= Directions =
Every line below should be given again without alteration.
--- Data section Enclosed Below ---
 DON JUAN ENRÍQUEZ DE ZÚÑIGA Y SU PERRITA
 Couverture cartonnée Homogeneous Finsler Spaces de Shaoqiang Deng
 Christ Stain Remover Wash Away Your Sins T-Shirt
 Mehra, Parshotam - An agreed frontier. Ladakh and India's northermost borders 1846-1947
--- End of Enclosed Data section ---
= Exercise result =
 DON JUAN ENRÍQUEZ DE ZÚÑIGA Y SU PERRITA
 Couverture cartonnée Homogeneous Finsler Spaces de Shaoqiang Deng
 Christ Stain Remover Wash Away Your Sins T-Shirt
 Mehra, Parshotam - An agreed frontier. Ladakh and India's northermost borders 1846-1947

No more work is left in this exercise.